SPINACH THE FILM
That night... I didn't feel young. I felt eternal.
Synopsis
Set in the pivotal year of 1989, SPINACH is an experimental immersion into the psychological and physical landscape of the queer community during the heights of the AIDS crisis. Based on the novella The Enemy Inside Me by Bobby Duncan, the film functions as an atmospheric haunting that rejects the artifice of traditional narrative. Instead, it invites the audience to become a witness to a world defined by the neon pulse of the club scene and the silent, heavy weight of an encroaching plague.
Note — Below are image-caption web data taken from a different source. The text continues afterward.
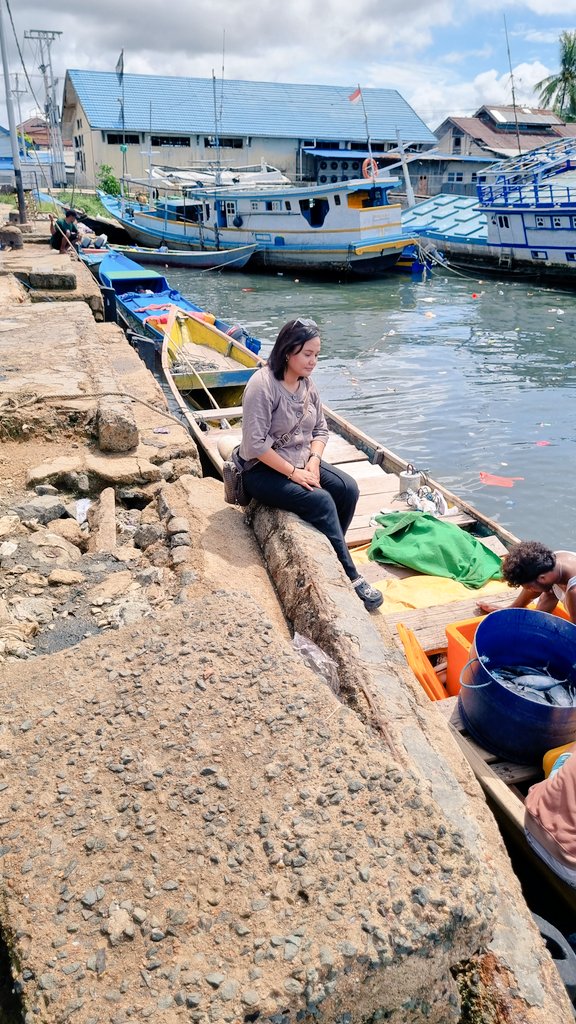 Jean_Voin_'s tweet photo. Minggu (26/01/2025) luhkan Kota sorong melakukan pendataan hasil tangkapan KUB Komo Star 260kg dgn harga jual Rp 10.000/Kg
#GiatLuhkanSatminkalAmbon 
#luhlapor https://t.co/eDDlwKs60C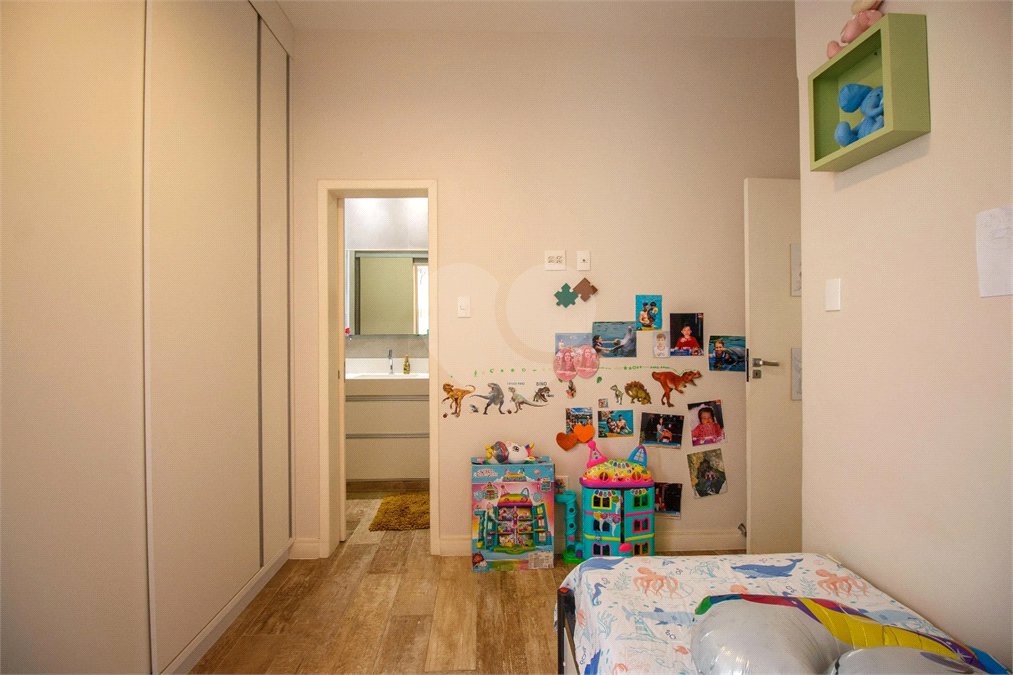 Apartamento à venda com 3 quartos, sendo 2 suítes,  em Tijuca, Rio de Janeiro, RJ
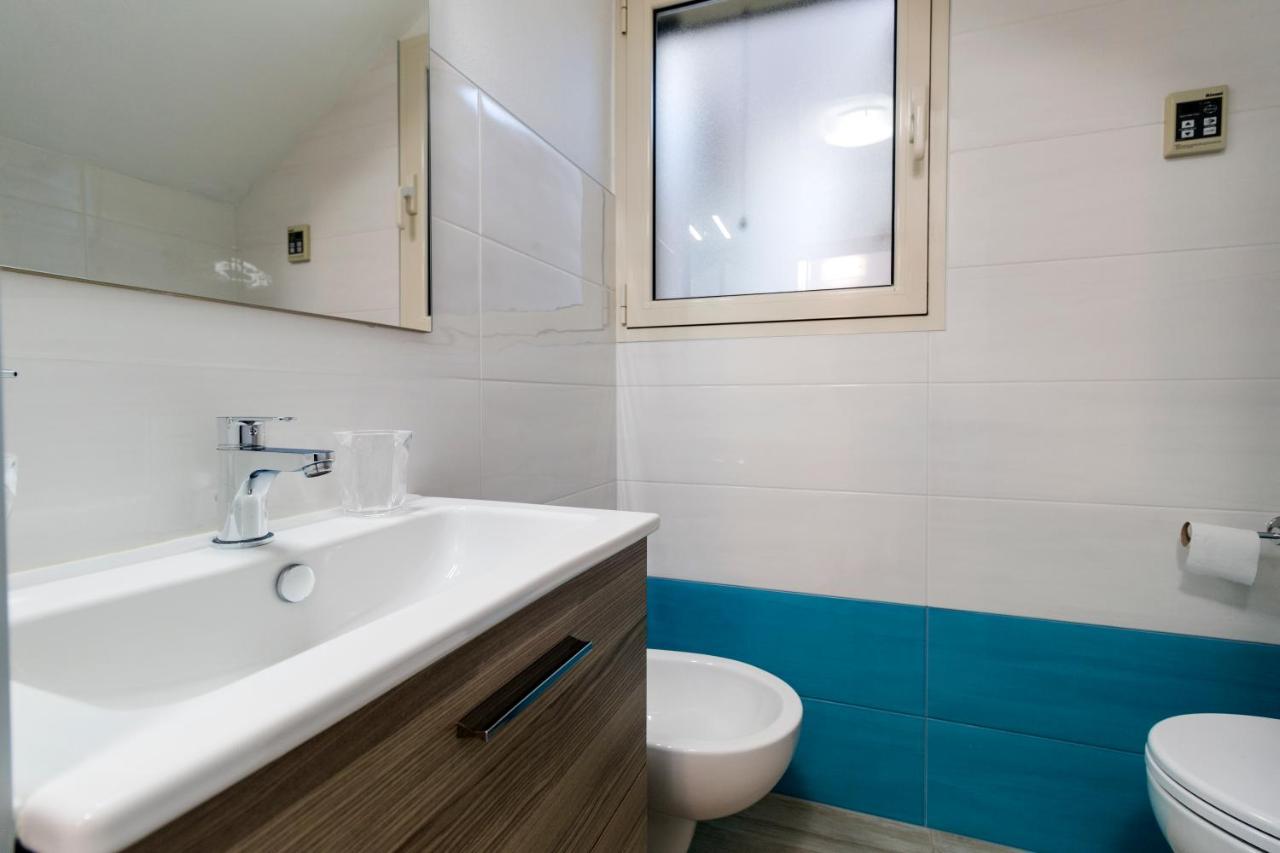Camera Con Bagno Villa Isabel Cala Gonone Buitenkant foto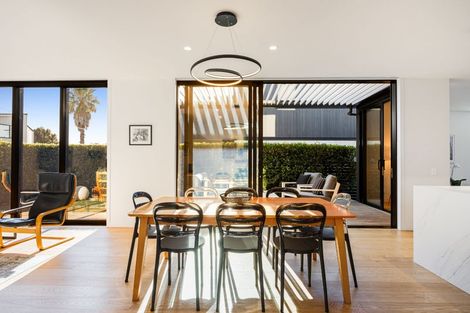 Photo of property in 39d Kowhai Road, Mairangi Bay, Auckland, 0630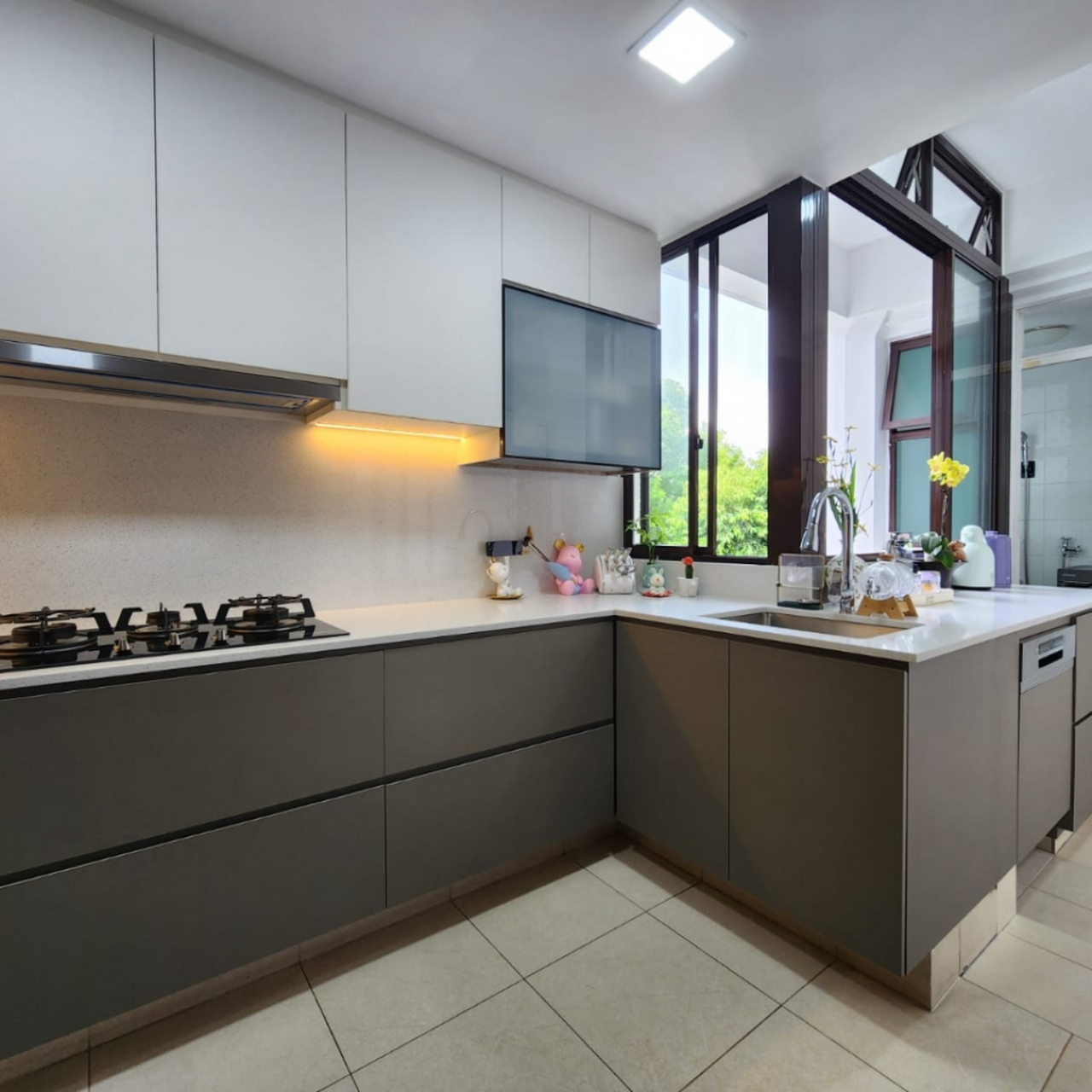 现代简约风厨房橱柜  现代简约风厨房橱柜:简约而不简单,演绎厨房新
Drawing from the director's thirty years of theatrical training, the film utilizes movement and silence as its primary language. Every frame is a physical choreography of truth, where the narrative burden is carried by the actors' breath and presence rather than spoken lines. This raw performance is mirrored by a commitment to technical authenticity. Served by a purely practical, in camera aesthetic, the film utilizes on set coloring and handheld, organic camera movements to emulate the visceral heartbeat of an eighties camcorder.
There is no digital grain or synthetic manipulation here. The texture of the film is as real and unpolished as the era it portrays. Complemented by an original soundtrack written and produced by the director’s own band, SPINACH creates a symbiotic marriage between visual grit and auditory landscape. It is a story of internal enemies and external resilience, ultimately serving as a defiant act of preservation for a generation whose greatest victory was simply waking up to live another day.





Spinach was made to honor a moment in queer history when pleasure, fear, and silence lived in the same room — and no one told us the rules.